Agonía de la monarquía



La dinastía cayó apenas sacudirla, como fruto podrido, antes de que la revolución tuviera tiempo siquiera a afrontar sus miras más inmediatas. La imagen que trazamos de la vieja clase dirigente no sería completa si no intentáramos exponer cómo se enfrentó la monarquía con la hora de su hundimiento.
El zar se encontraba en el Cuartel General, en Mohilev, adonde se había trasladado, no porque fuese necesaria su presencia allí, sino huyendo de las molestias petersburguesas. El cronista palaciego, general Dubenski, que se hallaba cerca del zar en el Cuartel General, registra en su diario: «Ha empezado aquí una vida tranquila. Todo seguirá como antes. El zar no cambiará nada. Sólo causas exteriores y fortuitas pueden imponer algún cambio...». El 24 de febrero, la zarina escribía al Cuartel General, en inglés, como siempre: «Confío en que el Kedrinski ese de la Duma (se trata de Kerenski) será ahorcado por sus detestables discursos; hay que hacerlo a toda costa (ley de tiempo de guerra). Y servirá de ejemplo. Todo el mundo anhela e implora de ti energía». El 25 se recibe en el Cuartel General un telegrama del ministro de la Guerra comunicando que en la capital han estallado huelgas y disturbios, pero que se han tomado las oportunas medidas y que la cosa no tiene importancia. ¡Como se ve, no ha cambiado nada!
La zarina, que enseñaba siempre al zar a no retroceder, sigue haciendo todo lo posible por mantenerse firme. El 26, con el visible propósito de robustecer el ánimo vacilante de «Nicolás», le telegrafía que «en la ciudad todo está tranquilo». Pero en el telegrama de por la noche se ve obligada ya a confesar que «las cosas toman en la capital muy mal cariz». Por carta le dice: «Hay que decirles, sin ambages, a los obreros que se dejen de huelgas, y si siguen organizándolas, mandarles al frente como castigo. No hay para qué disparar; lo único que hace falta es orden y no dejarles que atraviesen los puentes». No era mucho pedir, en verdad: ¡orden solamente! Y, sobre todo, no permitir que los obreros lleguen al centro de la ciudad. Que se ahoguen de rabia e impotencia en sus suburbios.

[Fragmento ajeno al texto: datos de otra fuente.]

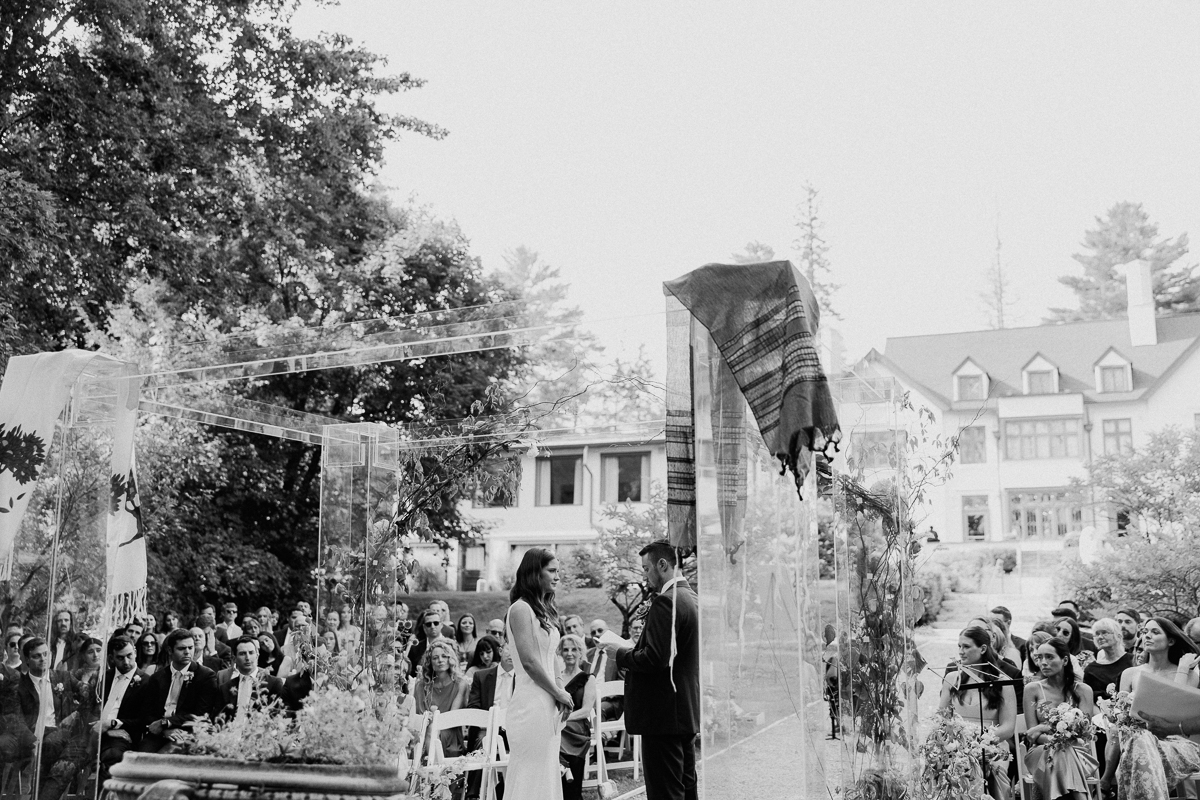 A bride and groom stand facing each other under a decorated wedding arch at their Seven Hills Inn wedding, surrounded by guests seated outdoors in Lenox MA. The scene is set in front of a large house, with trees and greenery around. The image is in black and white.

Por la mañana del día 27 es enviado desde el frente a la capital el general Ivanov con un batallón de georgianos y plenos poderes dictatoriales, aunque con instrucciones para que no los proclame hasta después de ocupado Tsárskoye Seló. «Difícilmente podía haberse pensado en un hombre menos adecuado para aquella misión —recuerda el general Denikin, que también más tarde había de hacer sus pinitos de dictadura militar—; era un hombre senil, incapaz de orientarse en una situación política, sin fuerzas, ni energía, ni voluntad, ni rigor». La elección recayó en él en gracia a sus méritos durante la primera revolución: once años antes, este general había hecho entrar en razón a Kronstadt. Pero esos once años no habían pasado en balde. Durante ellos, los represores habían envejecido y los reprimidos se habían hecho adultos. Se dio a los frentes septentrional y occidental orden de que preparasen tropas para enviarlas a la capital. Por lo visto, creían disponer de tiempo sobrado. El propio Ivanov daba por supuesto que la cosa acabaría pronto y bien. Hasta tuvo la gentileza de acordarse de encargar a su ayudante en Mohilev que comprara provisiones para los amigos de Petrogrado.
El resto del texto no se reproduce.